UPDATE: Good news! The Senator has now come out against the Trumpcare bill! She is only opposing it “in its current form,” however, and is holding out hope that it can be revised enough for her to support it. Thanks to all who called and acted to move her in the right direction on this! We don’t want to let up the pressure entirely until ACA repeal gets taken off the table, but for now I’m revising the action item to be thanking her for coming out against the AHCA, and urging her to oppose any further efforts at ACA repeal.
I was on a business trip this week that made it very difficult for me to keep up with political news, and I clearly picked the wrong week! I’ve now caught myself up–at least on the health care front, where I think constituent pressure has the greatest potential to do the greatest good right now–and I want to take a stab at explaining where things stand.
After weeks of speculation about what the ACA repeal & replacement bill might look like (including Collins’ own not-entirely-awful bill which was always DOA due to its need for 60 votes), Republican leaders have finally decided on a revised plan for repealing the ACA: rapidly ram it through the House in a form that could pass the Senate with only 50 votes, then immediately take it to the Senate floor before the early April recess and dare Senate R’s to get in the way of the runaway train delivering their #1 policy goal. Given how slowly health legislation is supposed to be developed, and how much of a political quagmire health care reform is in this country–seven Presidents tried to do it before Barack Obama finally succeeded with the help of congressional supermajorities–this seems a hail mary pass strategy on the part of Paul Ryan and Mitch McConnell. But with the bill triggering $600 billion in tax cuts to the wealthy and enabling a massive $2.4 trillion in further tax cuts to the wealthy, there is definitely a chance that 50 Senate R’s will fall in line and it will pass.
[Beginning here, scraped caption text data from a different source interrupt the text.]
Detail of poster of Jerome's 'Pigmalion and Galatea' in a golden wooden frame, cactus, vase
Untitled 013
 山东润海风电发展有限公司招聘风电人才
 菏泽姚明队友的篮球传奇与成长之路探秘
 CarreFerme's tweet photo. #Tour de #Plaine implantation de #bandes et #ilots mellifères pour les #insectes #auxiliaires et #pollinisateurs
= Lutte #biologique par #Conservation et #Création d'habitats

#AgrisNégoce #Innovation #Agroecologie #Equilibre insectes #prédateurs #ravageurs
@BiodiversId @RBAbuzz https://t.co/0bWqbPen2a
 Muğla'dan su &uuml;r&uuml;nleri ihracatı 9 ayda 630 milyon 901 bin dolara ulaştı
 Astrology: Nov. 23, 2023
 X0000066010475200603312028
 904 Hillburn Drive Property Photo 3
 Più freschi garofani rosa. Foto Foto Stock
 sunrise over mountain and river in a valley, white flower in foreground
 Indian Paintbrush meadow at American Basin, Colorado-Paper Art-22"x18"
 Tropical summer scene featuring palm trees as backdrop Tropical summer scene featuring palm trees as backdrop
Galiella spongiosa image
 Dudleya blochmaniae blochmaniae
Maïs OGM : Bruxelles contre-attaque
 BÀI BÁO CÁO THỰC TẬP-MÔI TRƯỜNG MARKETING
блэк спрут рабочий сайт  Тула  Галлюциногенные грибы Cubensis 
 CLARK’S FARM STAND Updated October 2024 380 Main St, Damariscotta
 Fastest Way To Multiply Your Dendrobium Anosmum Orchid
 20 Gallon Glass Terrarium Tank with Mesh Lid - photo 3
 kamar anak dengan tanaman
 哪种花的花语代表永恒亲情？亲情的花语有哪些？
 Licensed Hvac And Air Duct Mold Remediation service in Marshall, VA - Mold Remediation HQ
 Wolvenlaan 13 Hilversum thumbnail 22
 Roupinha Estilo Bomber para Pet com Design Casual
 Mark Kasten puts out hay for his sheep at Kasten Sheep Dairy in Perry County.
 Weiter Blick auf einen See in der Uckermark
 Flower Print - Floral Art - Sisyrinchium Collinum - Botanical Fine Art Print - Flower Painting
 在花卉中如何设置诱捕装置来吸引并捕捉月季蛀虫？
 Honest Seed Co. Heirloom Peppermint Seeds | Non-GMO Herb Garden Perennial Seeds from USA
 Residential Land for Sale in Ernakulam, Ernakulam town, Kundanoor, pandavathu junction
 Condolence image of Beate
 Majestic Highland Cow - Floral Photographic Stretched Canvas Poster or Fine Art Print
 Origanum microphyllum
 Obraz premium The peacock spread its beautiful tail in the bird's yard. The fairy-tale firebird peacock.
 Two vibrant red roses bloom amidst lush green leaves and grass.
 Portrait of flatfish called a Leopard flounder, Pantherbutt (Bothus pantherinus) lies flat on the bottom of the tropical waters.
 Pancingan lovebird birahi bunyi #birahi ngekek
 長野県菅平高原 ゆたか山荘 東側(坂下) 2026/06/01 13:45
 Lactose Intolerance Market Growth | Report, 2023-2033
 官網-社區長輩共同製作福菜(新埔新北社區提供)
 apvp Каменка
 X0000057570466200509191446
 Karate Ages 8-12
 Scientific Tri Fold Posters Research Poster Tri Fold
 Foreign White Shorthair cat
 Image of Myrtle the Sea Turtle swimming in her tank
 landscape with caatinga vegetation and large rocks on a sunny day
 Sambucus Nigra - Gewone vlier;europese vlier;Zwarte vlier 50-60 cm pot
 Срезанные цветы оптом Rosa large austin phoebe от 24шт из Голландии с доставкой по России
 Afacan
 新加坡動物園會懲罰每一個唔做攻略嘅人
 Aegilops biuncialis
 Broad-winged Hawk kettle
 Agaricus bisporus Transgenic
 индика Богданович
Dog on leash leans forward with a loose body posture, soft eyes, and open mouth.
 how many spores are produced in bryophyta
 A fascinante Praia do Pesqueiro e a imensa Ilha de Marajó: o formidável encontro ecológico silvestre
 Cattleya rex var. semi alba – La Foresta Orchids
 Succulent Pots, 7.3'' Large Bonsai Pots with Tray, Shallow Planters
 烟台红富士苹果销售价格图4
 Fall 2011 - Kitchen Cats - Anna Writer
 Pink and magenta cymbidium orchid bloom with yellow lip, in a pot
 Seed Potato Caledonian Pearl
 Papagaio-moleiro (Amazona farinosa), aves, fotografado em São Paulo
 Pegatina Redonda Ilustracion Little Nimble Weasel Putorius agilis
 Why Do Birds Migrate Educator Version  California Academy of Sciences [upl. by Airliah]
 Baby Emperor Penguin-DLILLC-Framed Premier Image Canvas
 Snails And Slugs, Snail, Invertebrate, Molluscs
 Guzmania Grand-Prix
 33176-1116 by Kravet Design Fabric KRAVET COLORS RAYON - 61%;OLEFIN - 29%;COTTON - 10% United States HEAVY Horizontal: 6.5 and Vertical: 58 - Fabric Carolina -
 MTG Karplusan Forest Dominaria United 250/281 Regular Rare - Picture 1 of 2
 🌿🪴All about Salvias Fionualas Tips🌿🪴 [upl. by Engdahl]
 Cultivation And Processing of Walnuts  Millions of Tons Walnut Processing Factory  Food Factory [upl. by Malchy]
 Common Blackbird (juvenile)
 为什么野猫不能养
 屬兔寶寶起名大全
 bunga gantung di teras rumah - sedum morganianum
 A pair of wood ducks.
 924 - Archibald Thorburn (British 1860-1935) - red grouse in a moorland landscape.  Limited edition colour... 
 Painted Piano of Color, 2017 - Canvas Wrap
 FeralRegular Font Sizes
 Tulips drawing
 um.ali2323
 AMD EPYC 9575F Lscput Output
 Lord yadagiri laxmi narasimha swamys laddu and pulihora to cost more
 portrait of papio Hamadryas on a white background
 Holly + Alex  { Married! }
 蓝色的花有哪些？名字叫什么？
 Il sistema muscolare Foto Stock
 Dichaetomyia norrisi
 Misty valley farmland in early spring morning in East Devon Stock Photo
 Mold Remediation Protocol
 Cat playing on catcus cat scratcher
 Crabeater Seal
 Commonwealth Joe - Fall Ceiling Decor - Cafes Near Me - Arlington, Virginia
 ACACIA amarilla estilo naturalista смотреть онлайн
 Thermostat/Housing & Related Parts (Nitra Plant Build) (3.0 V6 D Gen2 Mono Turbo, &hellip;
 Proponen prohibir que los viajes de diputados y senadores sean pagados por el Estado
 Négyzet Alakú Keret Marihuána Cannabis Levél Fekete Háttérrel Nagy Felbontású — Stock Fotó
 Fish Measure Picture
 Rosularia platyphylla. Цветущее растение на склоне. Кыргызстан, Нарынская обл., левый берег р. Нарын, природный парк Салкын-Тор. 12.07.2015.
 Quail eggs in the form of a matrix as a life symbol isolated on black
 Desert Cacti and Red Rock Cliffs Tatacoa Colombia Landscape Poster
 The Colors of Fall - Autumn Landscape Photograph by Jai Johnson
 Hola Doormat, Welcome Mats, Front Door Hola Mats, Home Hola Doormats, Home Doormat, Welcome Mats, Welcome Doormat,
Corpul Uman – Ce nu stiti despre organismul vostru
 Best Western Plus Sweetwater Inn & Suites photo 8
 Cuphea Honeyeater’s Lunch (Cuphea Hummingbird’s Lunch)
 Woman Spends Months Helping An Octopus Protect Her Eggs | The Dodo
The Ryan/McConnell gambit is truly extraordinary in the degree to which it is tossing aside the norms of the traditional legislation process. The bill–now known as the AHCA–was drafted in secret, with only certain House Republicans allowed to see it last week before its public announcement on Monday. Instead of getting deliberated and revised in House committees for months as was done with the ACA, the bill passed both its key House committees on party-line votes on Thursday, only three days after its unveiling. Next week, the bill will be voted on in the House Budget committee, followed by a vote in the full House by the end of the month. Incredibly, Mitch McConnell has even suggested that he may bring the House bill directly to the Senate floor for a vote, bypassing revisions and votes in the Senate HELP (on which Collins sits) and Finance committees. Finally, the Congressional Budget Office has not even completed its score of the bill to estimate how many people would be covered and at what cost, a step that has historically been fundamental to how bills take shape.
The strategy of racing forward with the bill’s passage is largely because the bill stinks. No one likes it. Even without the official CBO score, the consensus is that it will result in many millions fewer people having health coverage, and that older, poorer, and more rural Americans in particular will be much worse off. Many economists believe the AHCA’s current language will trigger a death spiral in insurance markets. The only people who are better off under the bill are the wealthy, to whom will flow $600 billion in tax cuts.
So where is Collins on all this? She sat with Katie Couric two days after the AHCA bill was released and admitted she “wasn’t crazy about it” but wanted to reassure America that it was very much a “work in progress.” She is clearly hoping to slow the legislative process down and improve the bill, but still seems supportive of repealing the ACA in general, which she falsely suggests is already “in a death spiral in many states” (at 2:20 in the interview). It seems as though she’s sat in so many caucus meetings over the years where she’s been fed negative Republican talking points about the ACA that she’s incapable of seeing it as the largely successful policy it has been. Some reverse-brainwashing from constituents who have benefited from the law is desperately needed.
The good news is that the AHCA is in danger of losing Senators on the right, too, with Paul and Lee signaling displeasure with the bill, Cruz needing serious convincing, and many House Republicans in danger of withdrawing their support if the measure to halt Planned Parenthood funding is removed–something that would likely be necessary to win over Collins and Murkowski. This all means that finding a final bill that 50 Senators will vote for is going to be extremely difficult.
Collins is not likely to take a clear position on the AHCA bill until 1) it’s been scored by the CBO and 2) it’s been passed by the House, both of which will likely occur in the next two weeks. If we can persuade Collins to come out against the AHCA early, the bill will most likely fail, which will in turn grind the Ryan/McConnell/Trump legislative agenda to a halt.
So let’s get to work and start calling on Collins to oppose the AHCA bill!